The European Central Bank will keep interest rates unchanged at a record high on Thursday and is likely to keep pushing back on investor bets for aggressive policy easing this spring, despite dismal economic growth and a rapid slowdown in inflation.

The ECB ended its quickest rate hiking cycle in September but has been adamant that even discussing a reversal would be premature, since price pressures have yet to be fully extinguished and crucial wage talks remain ongoing.

Investors, however, are betting that the ECB is getting it wrong on both growth and inflation, and will be forced to make an about-face sooner rather than later.

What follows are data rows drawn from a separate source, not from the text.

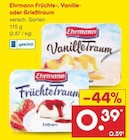 Früchte-, Vanille- oder Grießtraum bei Netto Marken-Discount im Braunschweig Prospekt für 0,39 €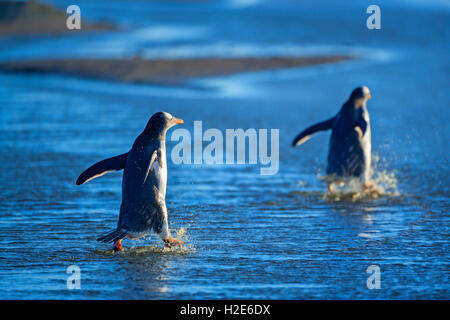 Manchots (pygocelis papouasie Papouasie) marcher dans l'eau, l'île de sea lion, îles Falkland, l'atlantique sud Banque D'Images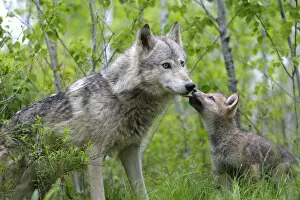 Affectionate Gallery: Grey wolf (Canis lupus), adult with cub, captive, USA
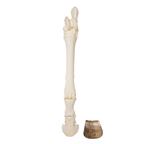 Model kostry konskej nohy - 1021051B3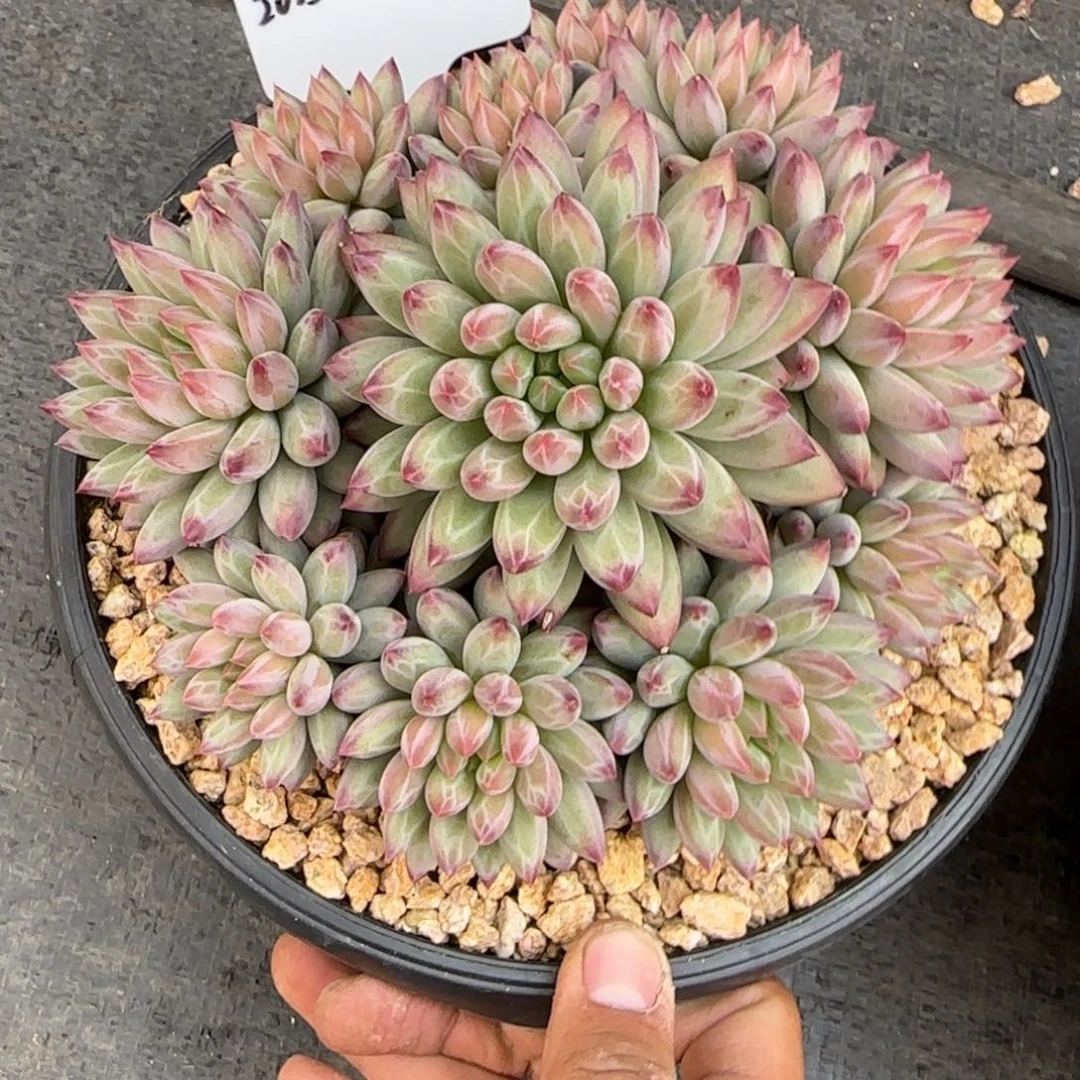 岁***好一物一拍绿体虞美人75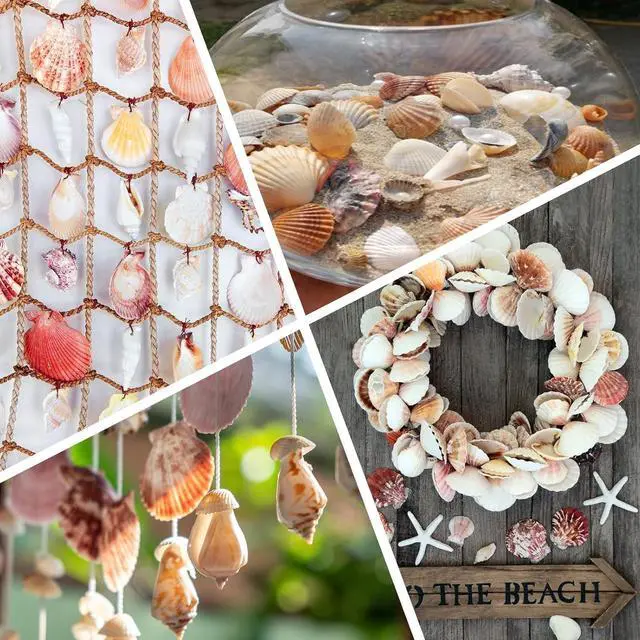 Alt view image 7 of 7 - MOWPOG 80+ Pcs Natural Seashells, Mixed Starfish Sea Shells for Crafts
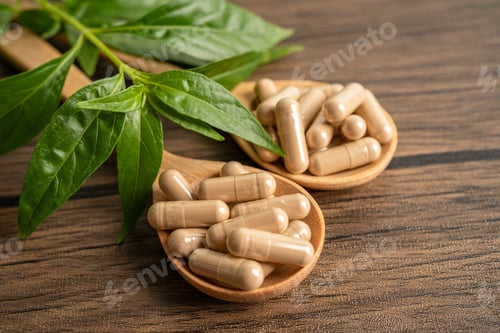 Preview: Andrographis paniculata or Kariyat leaf plant with herb capsules to treating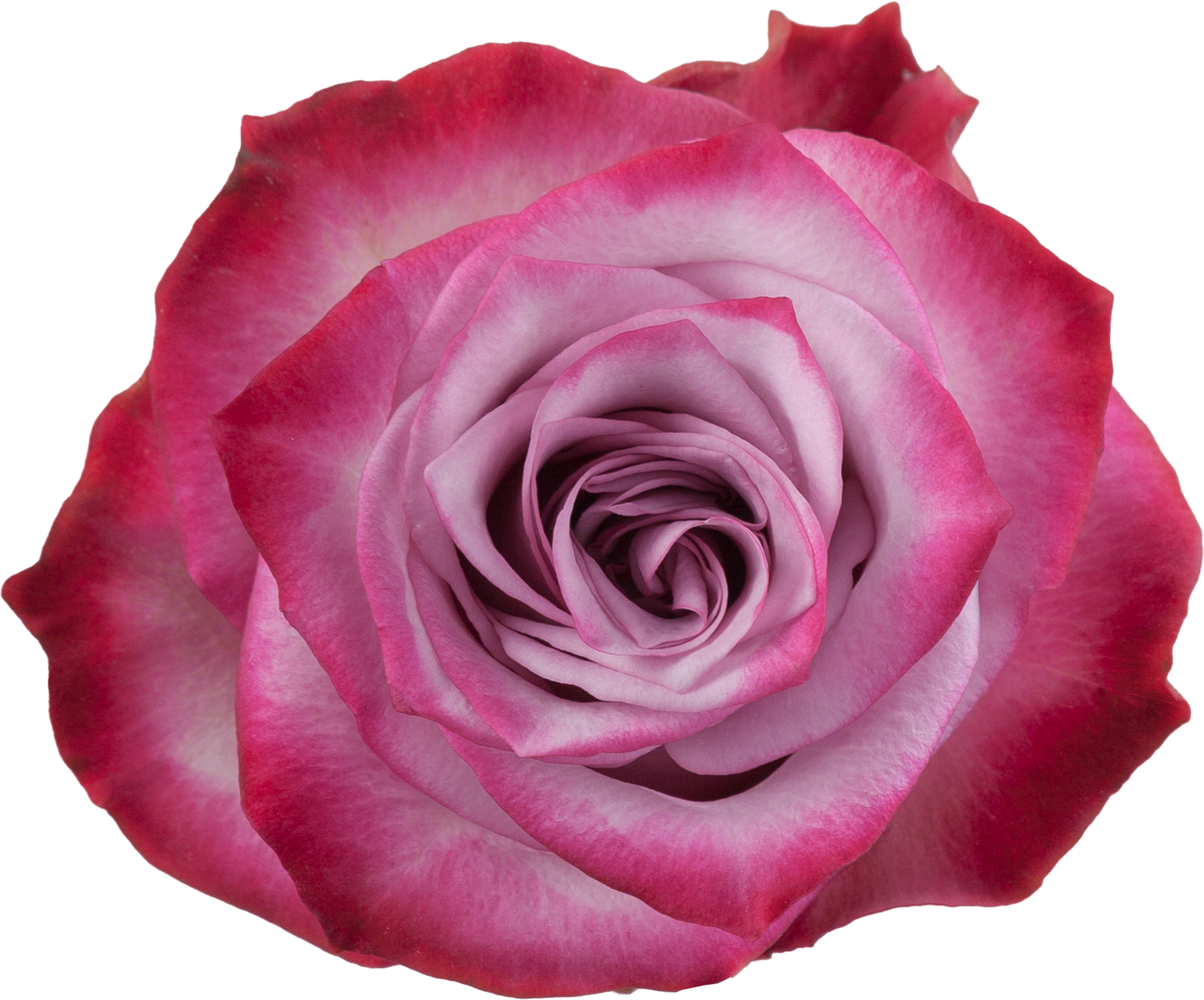 Deep purple, Sizes: 40cm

Such a pivot will not be on the agenda for now, especially after the central bank rolled out its top brass last week to convince markets that a long plateau in rates was ahead.

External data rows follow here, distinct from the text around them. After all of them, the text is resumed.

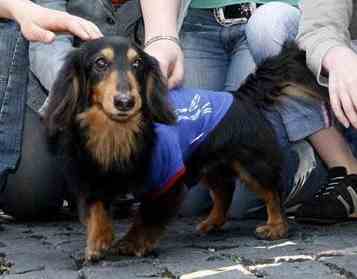 日本サッカー協会の広報犬を務めたミニチュアダックスフントのロンメル君
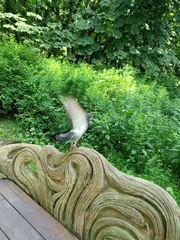 Columba livia domestica
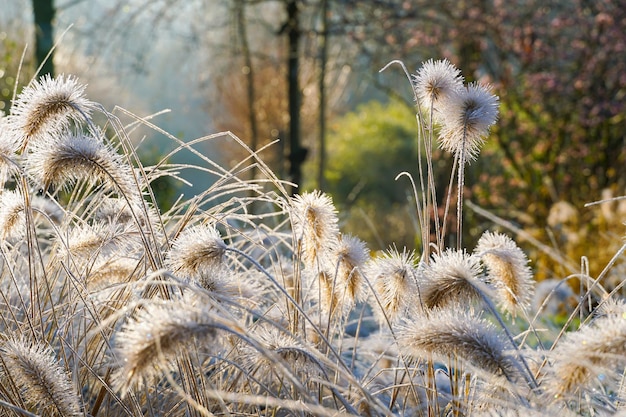 Winter at the pond in natural beautiful garden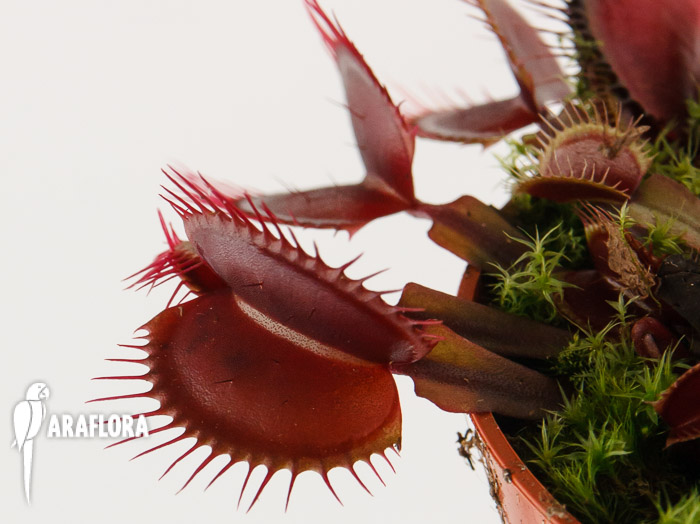 Dionaea muscipula &lsquo;All red&rsquo;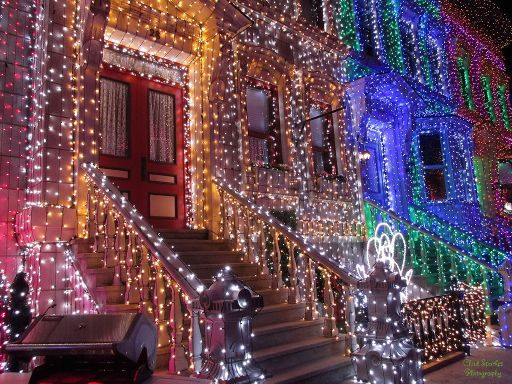 holiday lights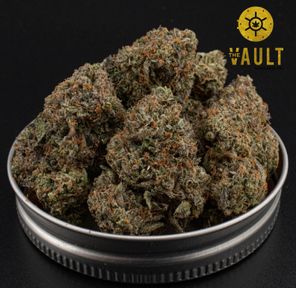 AAAA | PINK GOO ⭐️NEW ARRIVAL⭐️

ECB President Christine Lagarde is likely to argue that underlying price pressures are still strong, particularly for services, while risks remain abundant – from pending wage deals to geopolitical tensions, including the Red Sea blockade.

Lagarde and chief economist Philip Lane along with key Governing Council members, have repeatedly pointed to first-quarter wage settlements, for which figures become available in May, as a relevant gauge.

That has been seen by some as a clue that a first rate cut could come at the ECB’s June meeting.

“Our view remains that the weak growth outlook – with activity below potential for many quarters ahead – and falling inflation will mean cuts can happen sooner rather than later,” Peter Goves, at MFS Investment Management, said.

Financial markets now see 127 basis points of rate cuts this year, or five moves, with the first in April or June, a big change compared to two weeks ago when 150 basis points of reductions were seen, starting in March or April.

The ECB will announce its policy decision at 1315 GMT, followed by Lagarde’s 1345 GMT press conference.

The big discrepancy in expectations largely stems from a different outlook on growth and just how much past rate hikes are slowing the economy of the 20-country currency bloc.

The ECB expects household and government spending to drive a recovery but data appear to be painting a bleaker picture, with manufacturing remaining in recession and services cooling.

The euro zone was probably in recession last quarter and got off to a slow start in January, making the current period the sixth straight quarter with broadly flat or negative growth. The long predicted recovery meanwhile keeps getting pushed out further and further.

A weak economy, along with muted commodity prices and high interest rates, will keep pushing down inflation, which last stood at 2.9 per cent and was not expected by the ECB to fall back to its 2 per cent target until 2025.

Many disagree with that projection.

“We continue to expect headline and core HICP inflation rates to fall to 2 per cent already before the middle of this year, a year or more earlier than the ECB forecasts,” Deutsche Bank economists said.

This inflation drop will mean rising real interest rates, effectively policy tightening in a recessionary environment.

“This would raise the risk of an outright recession and a genuine shock to the labour market,” Deutsche Bank added.

Some think that the ECB’s insistence on even more evidence of disinflation raises the chance of a policy error.

“Having overlooked the negative impact of monetary tightening on growth until now, the ECB remains biased towards cutting too little, too late,” TS Lombard’s Davide Oneglia said.

“The ECB has less to worry about inflation and fewer excuses to keep monetary policy tight than officials think, but over-tightening habits die hard,” Oneglia added.